Our relationships are a major source – or suck – of energy. We’ve all heard of energy vampires, and know how different it feels to spend time with them in comparison with someone who leaves us feeling uplifted and nourished. Sometimes spending time with energy vampires is unavoidable; for example, if the boss is such a person. In that situation the best thing we can do is make sure our own cup is full and find ways to protect our own energy. But in our private lives we can exercise wise discernment (known in yoga as viveka) over who we choose to spend our time with, opting for friends who support and encourage us rather than those who subtly knock us down and hinder our growth.
3 – Get outside.
You’ve probably heard of SAD or Seasonal Affective Disorder. This very real condition affects some of us more than others, but we all need daylight, every day, to feel our best. Getting outside on a sunny day is a must for energy, but being outside even on a grey day beats the hell out of staying stuck indoors the whole time. Nature is an abundant source of prana – in Japanese culture there’s even a formal practice of spending time in nature called shinrin-yoku, which means forest-bathing. It’s proven to reduce stress hormones and blood pressure, boost immunity and increase our overall sense of wellbeing. Whilst we may not all have regular access to a forest, why not get creative and think of ways to get into daylight and amongst greenery at every chance you get? Take a picnic to the park with friends instead of having a weekend pub lunch; get some plants in your office and move your desk near a window; swap the gym treadmill for outdoor bootcamp sessions!
4 – Have fun.
Kids are rarely short of energy; nor are they the slightest bit inhibited about doing things simply for fun. We could learn a thing or two! Make time regularly to do something you really enjoy, however silly and frivolous it may seem, just for the sheer fun of it. Dance around to your favourite music, play with plasticine, do a jigsaw or colouring-in, sing at the top of your voice, jump on a trampoline – ideally something unproductive and simply joyful! It’s far from self-indulgent; it’s a vital source of abundant life-force.
5 – Share your energy…
Used wisely, our energy can be like the flame of a candle – it can ignite many others without becoming diminished. In fact, sharing our energy can actually increase it, because it’s frequently reciprocated – I’m thinking of how it feels to smile and make eye contact with someone, anyone, and have it returned. It gives you both a little lift, right? Shining your light with smiles and heartfelt connection means you illuminate others, and you in turn get to enjoy the warmth of that glow.

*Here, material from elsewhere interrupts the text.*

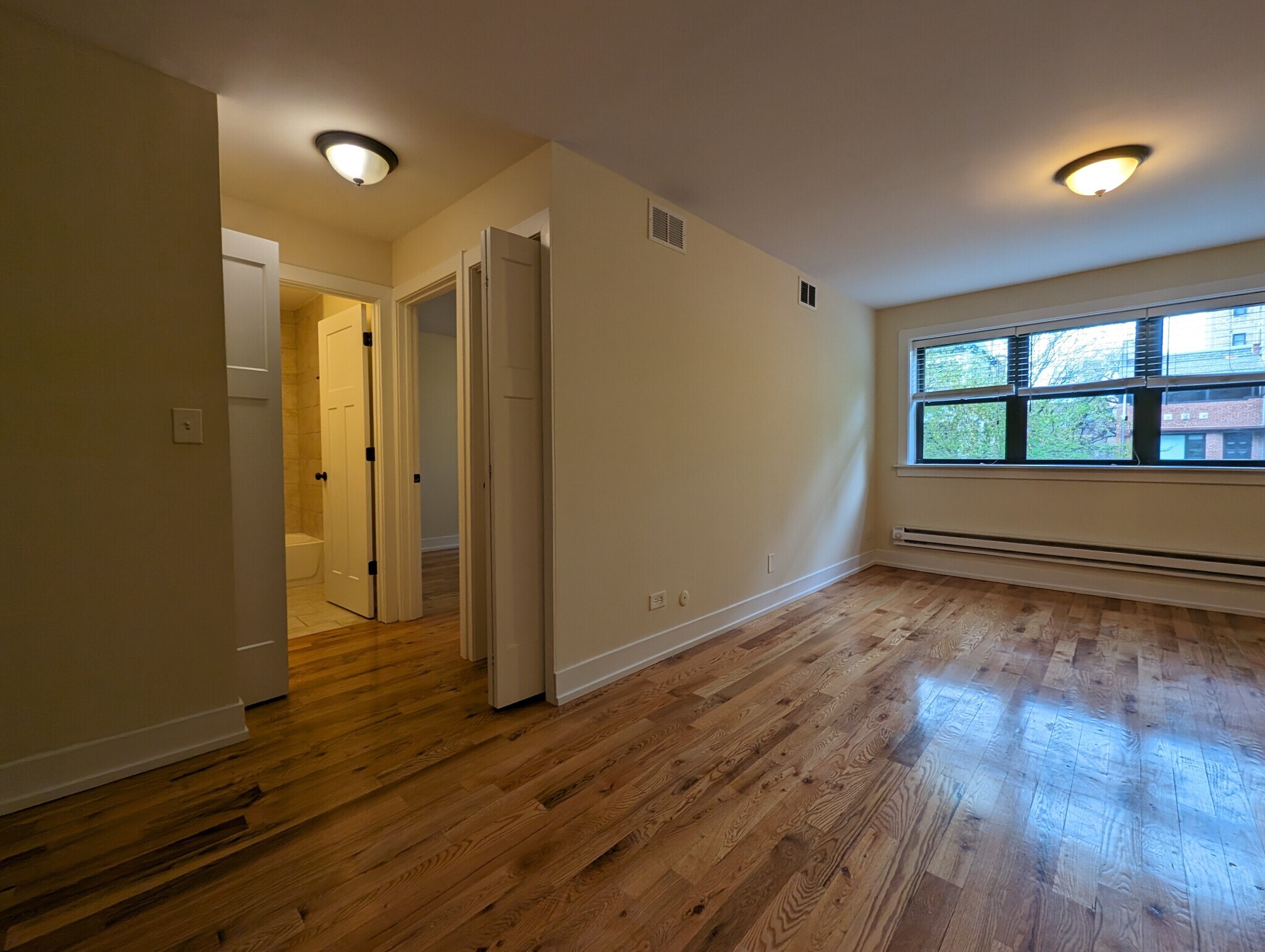 Building Photo - 557 W Arlington Pl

6 – But don’t give it away.
Protecting the energy we do have by setting healthy boundaries is vital to sustained wellbeing – we have to stop saying ‘yes’ when we really mean ‘no’! It’s a hard habit to break if you’re a natural people-pleaser, but you’re entitled to save some of your energy for you, and there’s no need to feel embarrassed about claiming that. Be polite but clear and firm, and try not to fudge or make excuses – something along the lines of ‘I’d like to help but that’s not going to work for me right now’ is perfectly fine. Some people will try and push you; stick to your guns and don’t be bullied into giving your energy away to something you’ll end up resenting.
7 – Listen to uplifting music.
Music is unusual in that it activates all areas of the brain. Our motor responses are stimulated when we hear a compelling rhythm and we feel the urge to tap our feet or dance; the emotional reactions of the limbic system are triggered by a melody and we feel our mood shift to one of joy or melancholy; and we’re instantly transported back in time upon hearing the opening bars of a familiar song as the memory centres are activated. When we hear a tune that we like, the auditory cortex of the brain releases the reward chemical dopamine in response – the same chemical which is also released in response to sex, Facebook ‘likes’, chocolate and even cocaine – making music one of the healthier ways of getting your energy high!
8 – Tidy up.
Imagine getting up in the morning to a messy apartment, with clutter everywhere and washing up in the sink. Now contrast that feeling with the sense of waking up to space and order, with everything where it belongs. What a difference! The Chinese principle of feng shui is all about letting energy flow freely around an area, and whether that concept appeals to you or not, there’s no denying that a lack of clutter is considerably more calming to live with than ‘stuff’ in all directions. I think of tidying up my space as ‘clearing energy traps’, and whilst I’m far from a mimimalist, there’s a definite sense of liberation in getting rid of things that aren’t necessary to your life.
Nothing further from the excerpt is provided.